Arnold P. Cohen doesn't waste time.

In his first nine months as chairman and chief executive officer of London Fog Corp., the 38-year-old retailing executive has moved a coveted corporate headquarters from Eldersburg to Connecticut, shut down a pilot Mexican plant, acquired a West Coast outerwear company and closed three factories in Maryland and Virginia -- eliminating 575 jobs.

Now, he appears to be on the brink of ending more than 70 years of London Fog history as a major Maryland manufacturer.

After a three-month impasse with the Amalgamated Clothing and Textile Workers Union, Mr. Cohen said the company has withdrawn a proposal for the three remaining Maryland plants.

The fate of the plants -- and their 700 jobs -- is now being decided.

"We're evaluating as we speak," Mr.
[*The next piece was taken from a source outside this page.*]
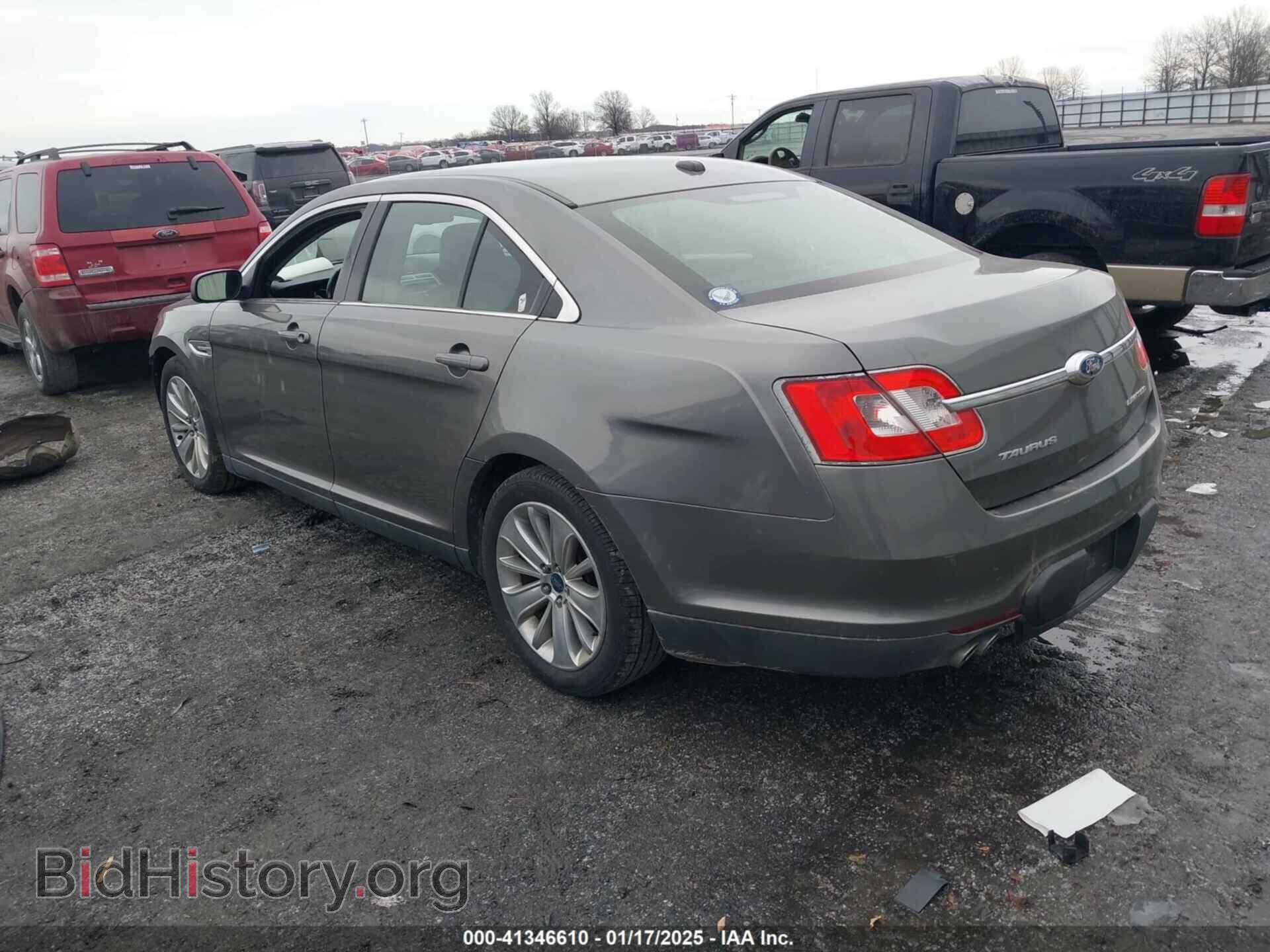 2012 FORD TAURUS - VIN: 1FAHP2FWXCG113834 - Photo 3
Cohen said Friday.

The union remains contentious.

"They are going to have to make that decision, and the union is not going to take the blame," said Carmen S. Papale, international vice president and the top Maryland official for the ACTWU.

The situation has attracted the avid attention of Gov. William Donald Schaefer, who has met with both sides, urging that an agreement be reached to preserve the remaining jobs and one of Maryland's most famous trademarks. Founded in Baltimore in 1922, the company also employs another 650 people at its distribution center and administrative offices in Eldersburg.

The governor stands ready to intervene, according to Mark L. Wasserman, secretary of the Department of Economic and Employment Development. "If both parties are willing, we have signaled to both that the governor would like to be a part of a last-ditch effort to stave off the unthinkable," Mr. Wasserman said.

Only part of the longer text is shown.